Work instructions » Print only the lines from the one with "Black Friday στα" through the end of the data, exactly, and please omit pictures.
Segment Start: Data listing
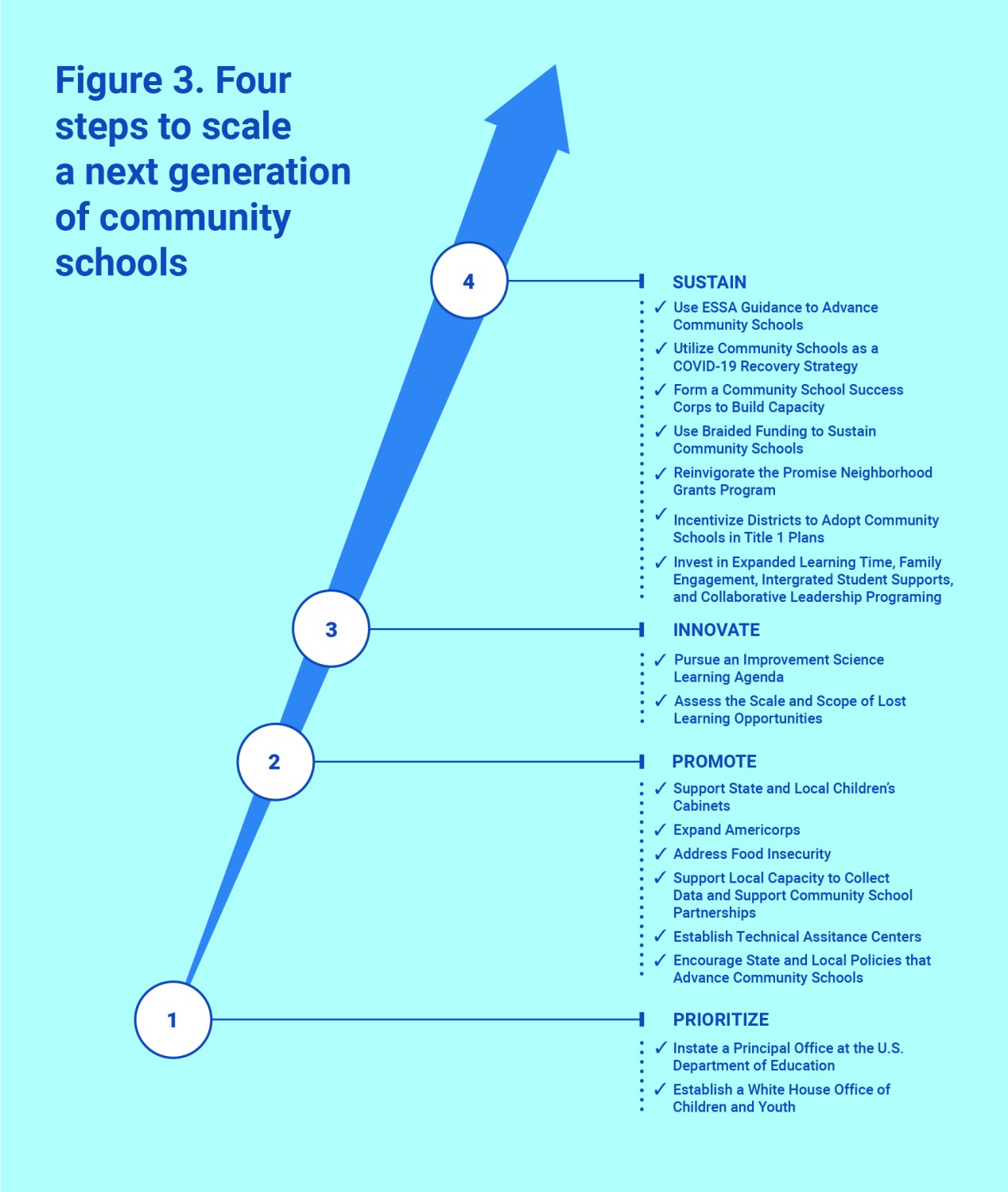 Four recommendations to scale community schools
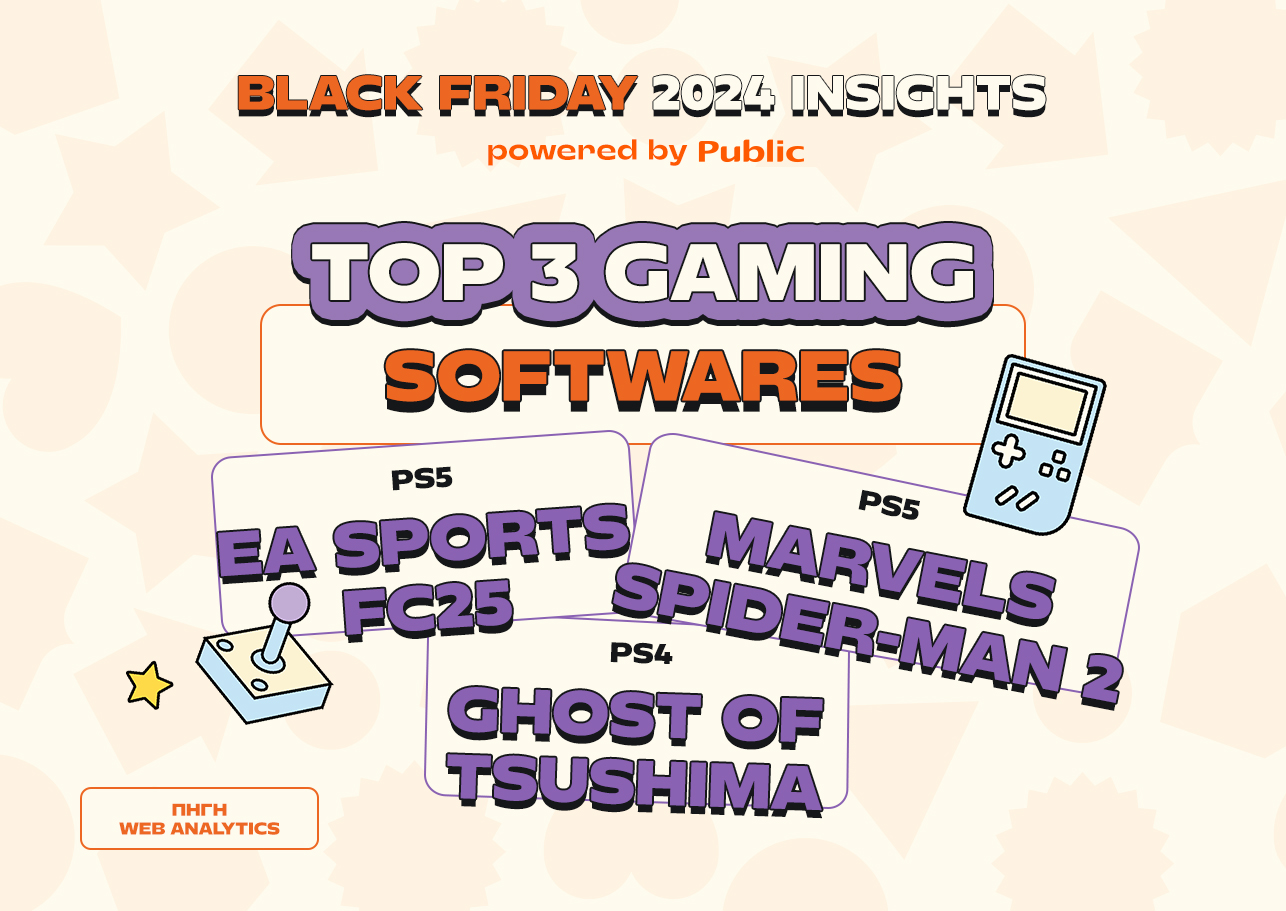 Black Friday στα Public: Οι τάσεις και οι αγορές που ξεχώρισαν το 2024-5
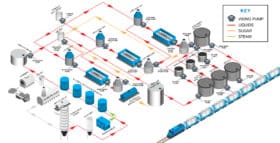 Viking Pump Beet Sugar Process Map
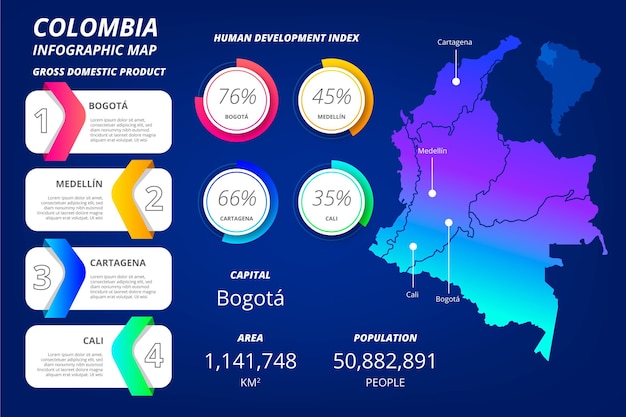 Gradient colombia map infographic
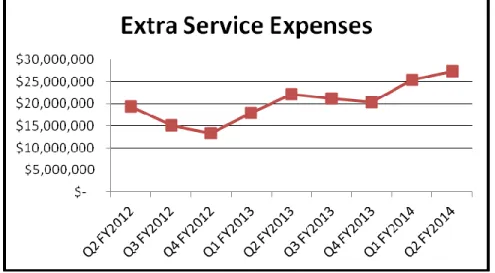 Figure 1. Surface Risk Model Results – Extra Service Expenses –    FY 2012, Q2 to FY 2014, Q2 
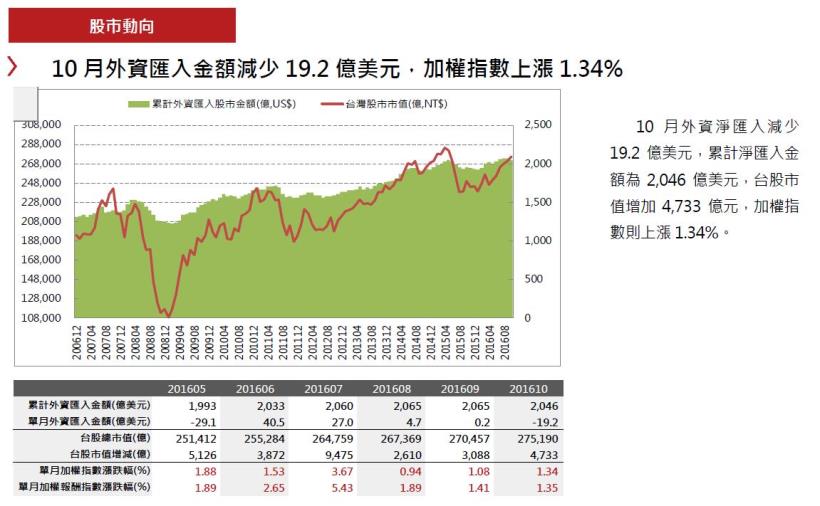 2016年11月投資月報：整體上市櫃YoY 為-4.3％，創新高家數共49家
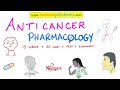 JAK-STAT Pathway | Non-receptor Tyrosine Kinase (NRTK) | Cell Signaling | Endocrinology Playlist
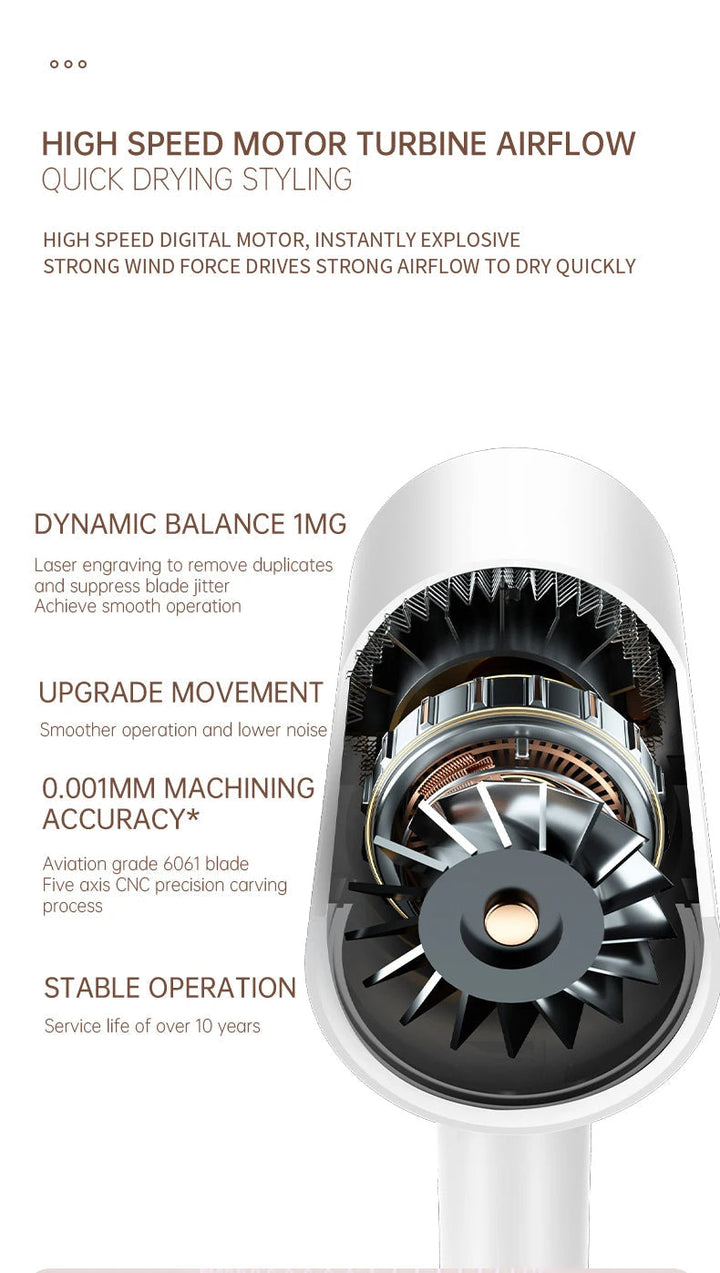Advanced 2400W hair dryer, negative ions reduce frizz & speed drying for women.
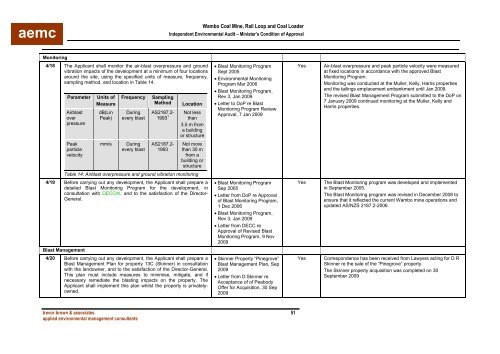 Wambo Coal AEMR 2010-2011 - Peabody Energy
Segment End: Data listing
Response to this exercise »
 Black Friday στα Public: Οι τάσεις και οι αγορές που ξεχώρισαν το 2024-5
 Viking Pump Beet Sugar Process Map
 Gradient colombia map infographic
 Figure 1. Surface Risk Model Results – Extra Service Expenses –    FY 2012, Q2 to FY 2014, Q2 
 2016年11月投資月報：整體上市櫃YoY 為-4.3％，創新高家數共49家
 JAK-STAT Pathway | Non-receptor Tyrosine Kinase (NRTK) | Cell Signaling | Endocrinology Playlist
Advanced 2400W hair dryer, negative ions reduce frizz & speed drying for women.
 Wambo Coal AEMR 2010-2011 - Peabody Energy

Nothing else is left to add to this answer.